A cor roxa representa a luta contra o lúpus, a fibromialgia e o mal de Alzheimer. Já o laranja foi incorporado à campanha para ampliar a visibilidade da leucemia, um tipo de câncer que atinge as células do sangue. Ao longo do mês, hospitais e instituições de saúde promovem ações educativas voltadas a pacientes, familiares e à comunidade em geral.
Lúpus exige atenção e acompanhamento constante
Segundo informações do Ministério da Saúde, o lúpus eritematoso sistêmico (LES) é a forma mais comum e mais grave da doença, atingindo cerca de 70% dos pacientes diagnosticados com lúpus. A condição afeta principalmente mulheres, representando nove em cada dez casos, com maior incidência na idade fértil.
De acordo com a médica reumatologista Lilian Tereza Lavras Costallat, do Hospital de Clínicas da Unicamp, o lúpus é uma doença crônica e complexa, sem uma causa única definida. “Fatores genéticos, hormonais, imunológicos e infecciosos estão associados ao desenvolvimento da doença”, explica a especialista.
O lúpus ocorre quando o organismo produz anticorpos em excesso, que passam a atacar tecidos e órgãos saudáveis, podendo provocar inflamações nos rins, pulmões, pele, articulações e no sistema nervoso. O diagnóstico envolve avaliação clínica detalhada e exames laboratoriais, como alterações no hemograma, presença de proteína na urina e identificação de autoanticorpos, especialmente o fator antinúcleo (FAN).
Ainda segundo a médica, o tratamento evoluiu nos últimos anos e deve ser individualizado. Medicamentos como a hidroxicloroquina fazem parte do tratamento padrão, podendo ser associados a corticosteroides ou imunobiológicos, conforme a gravidade do quadro. A orientação inclui evitar exposição solar excessiva, manter alimentação equilibrada, praticar atividade física moderada e seguir corretamente o tratamento prescrito.
Fibromialgia compromete a qualidade de vida
A fibromialgia também integra a campanha do Fevereiro Roxo. A síndrome é caracterizada por dores difusas pelo corpo, principalmente nos músculos e tendões, além de fadiga intensa, distúrbios do sono, ansiedade e depressão. Segundo a Sociedade Brasileira de Reumatologia, cerca de 3% da população brasileira convive com a doença, sendo a maioria mulheres.

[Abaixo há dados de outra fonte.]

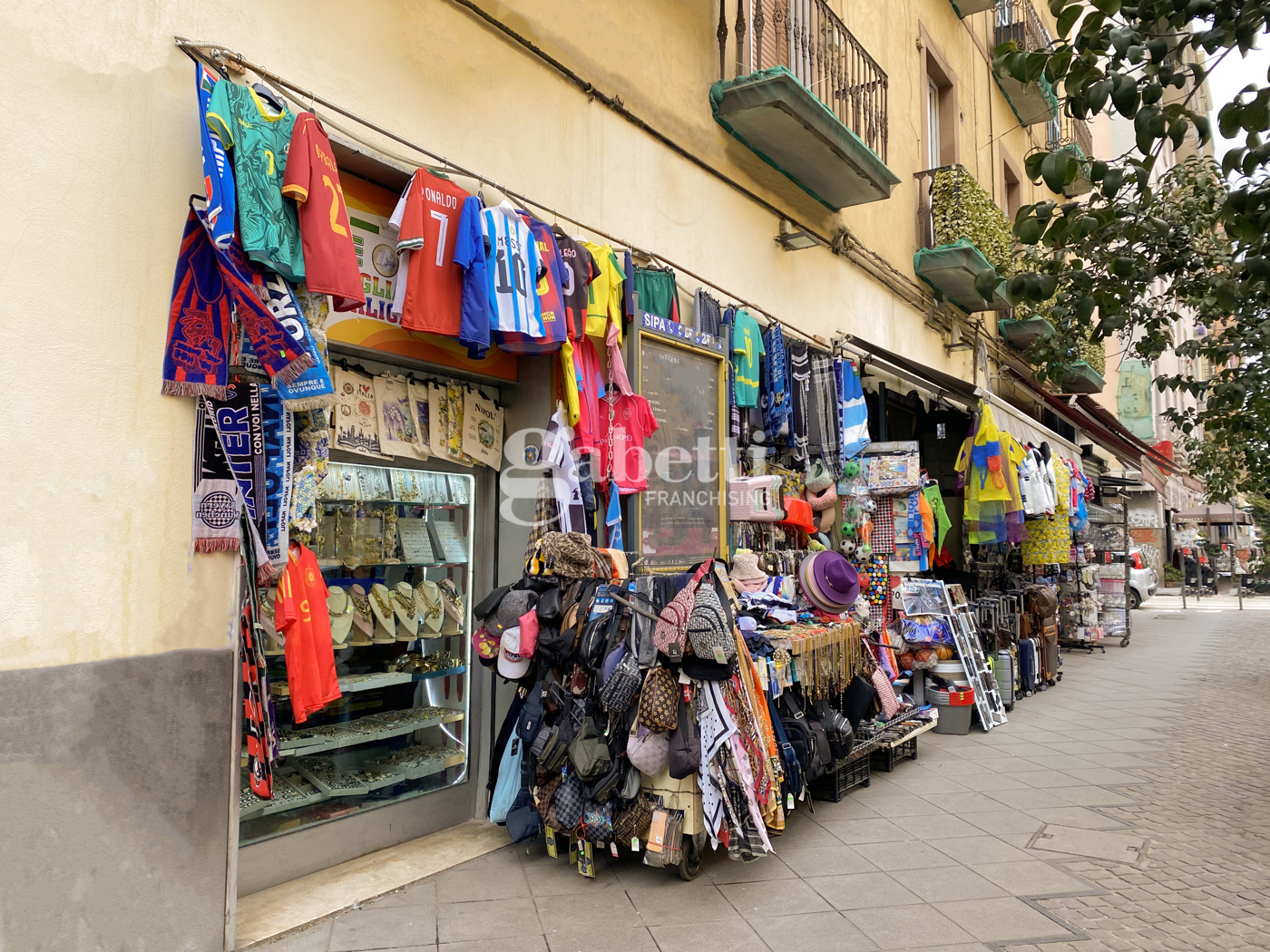 Negozio in vendita a Napoli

O médico reumatologista Manoel Barros Bértolo, do Hospital de Clínicas da Unicamp, explica que a fibromialgia não possui causa definida e não é diagnosticada por exames específicos. “O diagnóstico é clínico e feito após excluir outras doenças. Trata-se de um distúrbio da modulação da dor, relacionado a alterações no sistema nervoso central”, afirma.

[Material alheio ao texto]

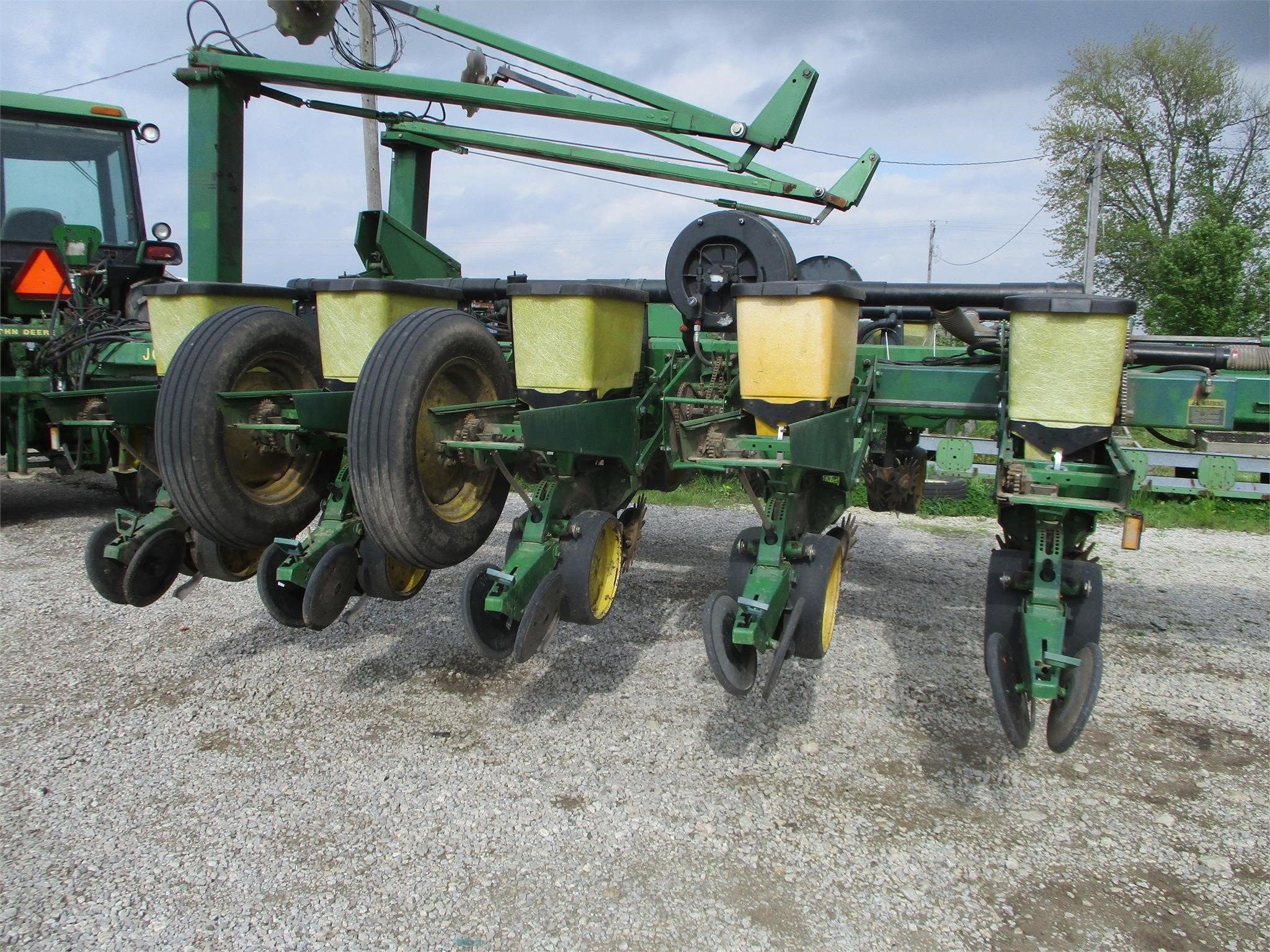  John Deere 7200 Planter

O tratamento envolve abordagem multidisciplinar, com fisioterapia, exercícios físicos regulares, medicamentos para controle da dor e acompanhamento psicológico ou psiquiátrico. A adoção de hábitos de vida saudáveis também é parte fundamental do cuidado.
Conscientização como ferramenta de cuidado
A campanha Fevereiro Roxo e Laranja reforça que informação é essencial para reduzir atrasos no diagnóstico e melhorar a qualidade de vida dos pacientes. Ao dar visibilidade a essas doenças, a iniciativa contribui para que a população reconheça sintomas, busque atendimento médico e compreenda a importância do tratamento contínuo.